简体繁体 English

使用 python 抓取网站

[英]Scrape websites with python

原文 2020-06-09 16:59:48 8 2 python/ web-scraping/ beautifulsoup/ scrapy/ libraries

I have just started python.我刚刚开始 python。 I am trying to web scrape a website to fetch the price and title from it.我正在尝试 web 抓取一个网站以从中获取价格和标题。 I have gone through multiple tutorial and blog, the most common libraries are beautiful soup and scrapy .我浏览了多个教程和博客，最常见的库是美汤和scrapy 。 My question is that is there any way to scrape a website without using any library? If there is a way to scrape a website without using any 3rd party library like beautifulsoup and scrapy .如果有办法在不使用任何第三方库（如beautifulsoup和scrapy ）的情况下抓取网站。 It can use builtin libraries Please suggest me a blog, article or tutorial so that I can learn It can use builtin libraries请给我推荐一篇博客、文章或教程，以便我学习

2 个解决方案

Instead of using scrapy you can use urllib .您可以使用urllib代替使用scrapy 。

Instead of beautifulsoup you can use regex .您可以使用regex而不是beautifulsoup 。

But scrapy and beautifulsoup do your life easier.但是scrapy和beautifulsoup让您的生活更轻松。

Scrapy , not easy library so you can use requests or urllib . Scrapy ，不容易的库，所以你可以使用requests或urllib 。

i think the best, popular and easy to learn and use libraries in python web scraping are requests, lxml and BeautifulSoup which has the latest version is bs4 in summary 'Requests' lets us make HTML requests to the website's server for retrieving the data on its page. i think the best, popular and easy to learn and use libraries in python web scraping are requests, lxml and BeautifulSoup which has the latest version is bs4 in summary 'Requests' lets us make HTML requests to the website's server for retrieving the data on its页。 Getting the HTML content of a web page is the first and foremost step of web scraping.获取 web 页面的 HTML 内容是 web 抓取的第一步。

Let's take a look at the advantages and disadvantages of the Requests Python library我们来看看Requests Python库的优缺点

Advantages:优点：

Simple简单的
Basic/Digest Authentication基本/摘要认证
International Domains and URLs国际域名和 URL
Chunked Requests分块请求
HTTP(S) Proxy Support HTTP(S) 代理支持

Disadvantages:缺点：

Retrieves only static content of a page仅检索页面的 static 内容
Can't be used for parsing HTML不能用于解析 HTML
Can't handle websites made purely with JavaScript无法处理纯粹使用 JavaScript 制作的网站

We know the requests library cannot parse the HTML retrieved from a web page.我们知道请求库无法解析从 web 页面检索到的 HTML。 Therefore, we require lxml, a high performance, blazingly fast, production-quality HTML, and XML parsing Python library.因此，我们需要 lxml，一个高性能、超快、生产质量的 HTML 和 XML 解析 Python 库。

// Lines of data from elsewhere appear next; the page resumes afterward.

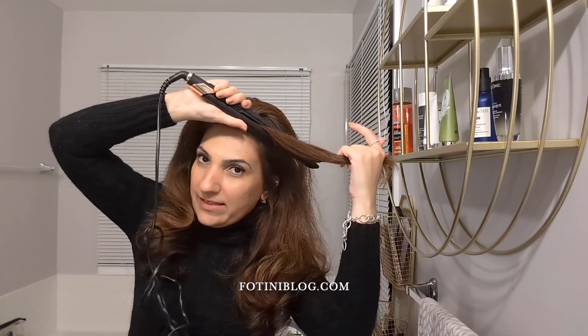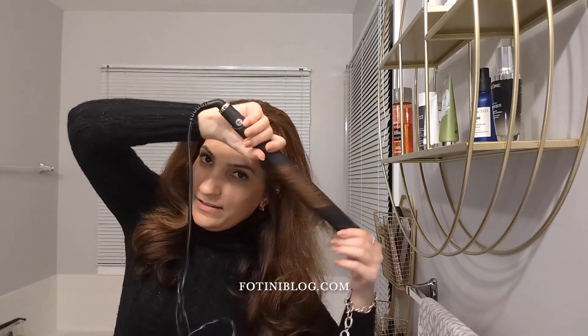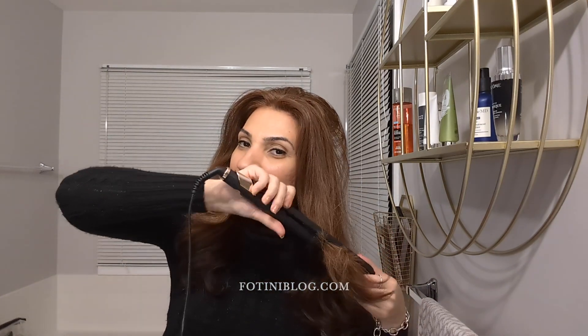It has a super long cord — somebody's gonna invent a way to store these away in a more organized, efficient way. I'll show you how I curl my hair with it right now. The way I curl is I go down and then flip, down and then flip, and it does this little curly thing with heat. I let it sit, then I run my fingers through and I have curls.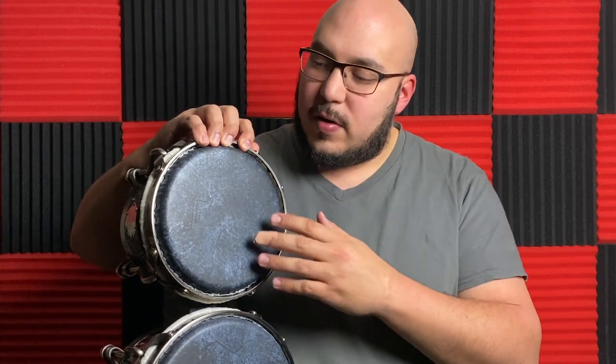I would actually compare them to kind of a middle ground between the Fiber Skin 3s, which have a lot more of a brighter tone, and the New Skin, which is a little bit on the drier side. As far as texture, it's definitely on the smoother side — kind of like the New Skin. I would say it's just as smooth as the New Skin.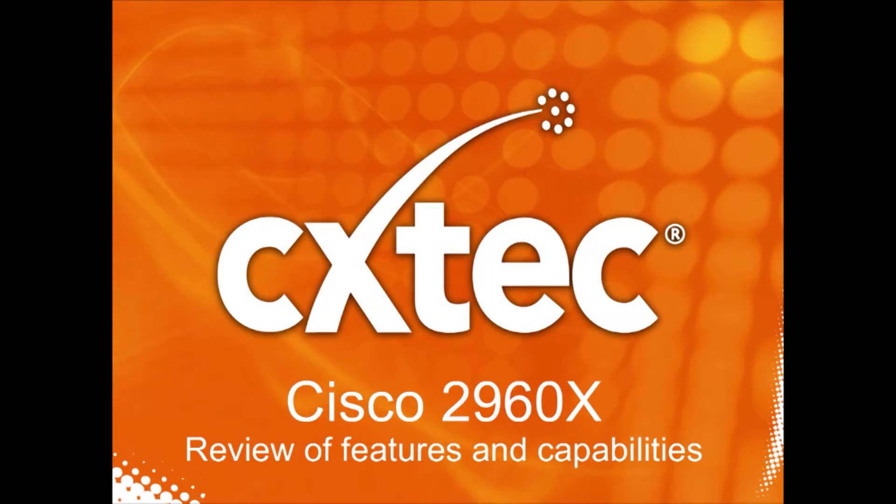Hi folks, I'm Jim. I'm one of the engineers at CX Tech and today I want to go over with you the 2960 switch line from Cisco.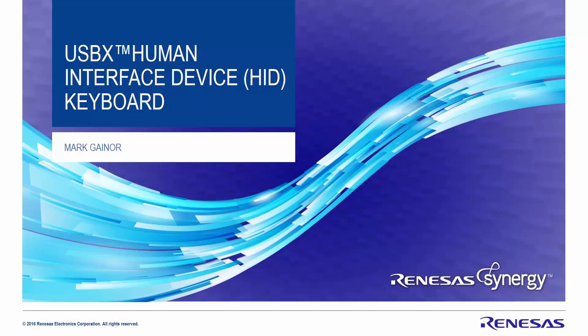This is a presentation and demo on the USBX Human Interface Device HID Keyboard.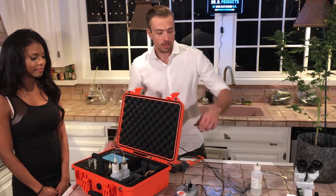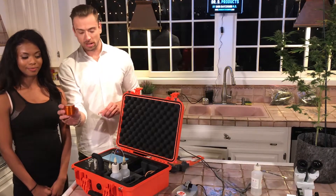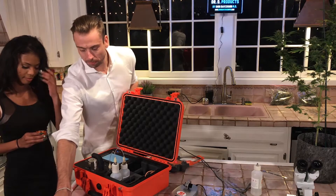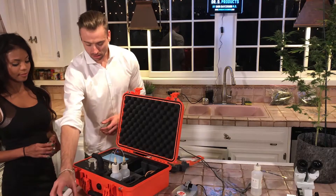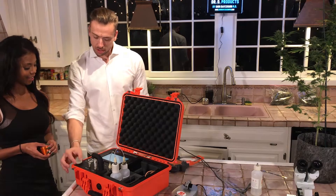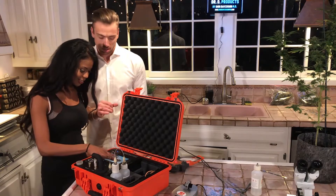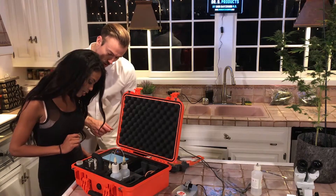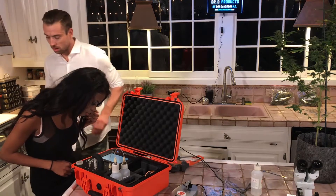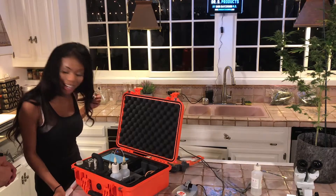What Nia has already done is use this grinder here — she took some of this wonderful flower and ground it up, so we have some already in this vial. Let's move on to the next step. Now you're going to take this scale. Step two: place a vial on the scale. So grab one of the vials.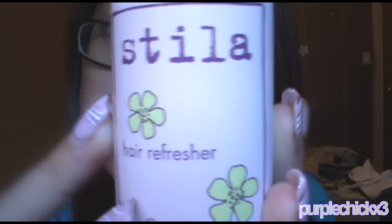I shower at night, so in the morning I usually put this — the Stila Hair Refresher. I only put this if I have time. What it basically does is you poof some on your hair, and it refreshes your hair and soaks up all the oil, and it makes your hair smell good. I got this at Urban Outfitters. It's the Stila Hair Refresher in Jade Blossom — it's a dry shampoo.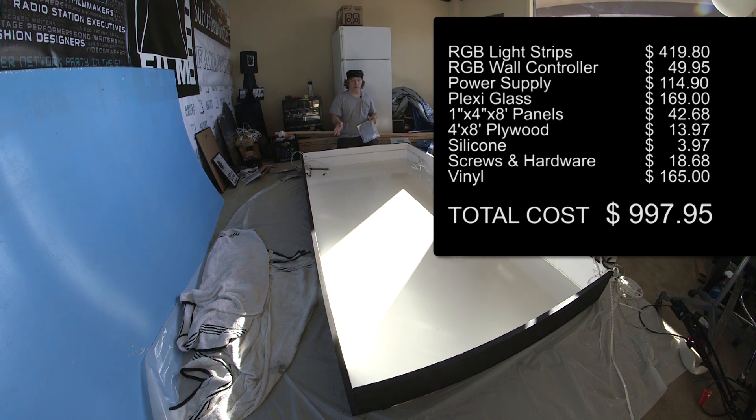So far with the cost of the wood, the silicone, the paint, the light strips, the hardware, and the plexiglass, I should be somewhere in the ballpark of under $1,000.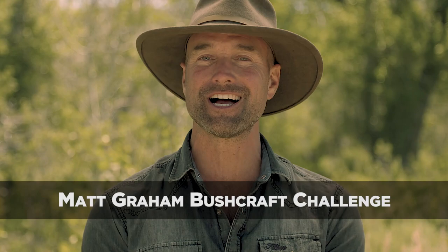This is a chance for you to tap into your inner bushcrafter. Be creative, but be safe. Comment below if you think you've got what it takes, then post your video to YouTube with the title Matt Graham Bushcraft Challenge.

Let's take a look at the advantages and disadvantages of the lxml Python library.下面我们来看看lxml Python库的优缺点。

Advantages:优点：

Faster than most of the parser out there比那里的大多数解析器更快
Light-weight轻的
Uses element trees使用元素树
Pythonic API Pythonic API

Disadvantages:缺点：

Does not work well with poorly designed HTML不适用于设计不良的 HTML
The official documentation is not very beginner-friendly官方文档对初学者不太友好

BeautifulSoup is perhaps the most widely used Python library for web scraping. BeautifulSoup 可能是最广泛使用的 Python 库，用于 web 抓取。 It creates a parse tree for parsing HTML and XML documents.它创建一个解析树来解析 HTML 和 XML 文档。 Beautiful Soup automatically converts incoming documents to Unicode and outgoing documents to UTF-8. Beautiful Soup 自动将传入的文档转换为 Unicode，将传出的文档自动转换为 UTF-8。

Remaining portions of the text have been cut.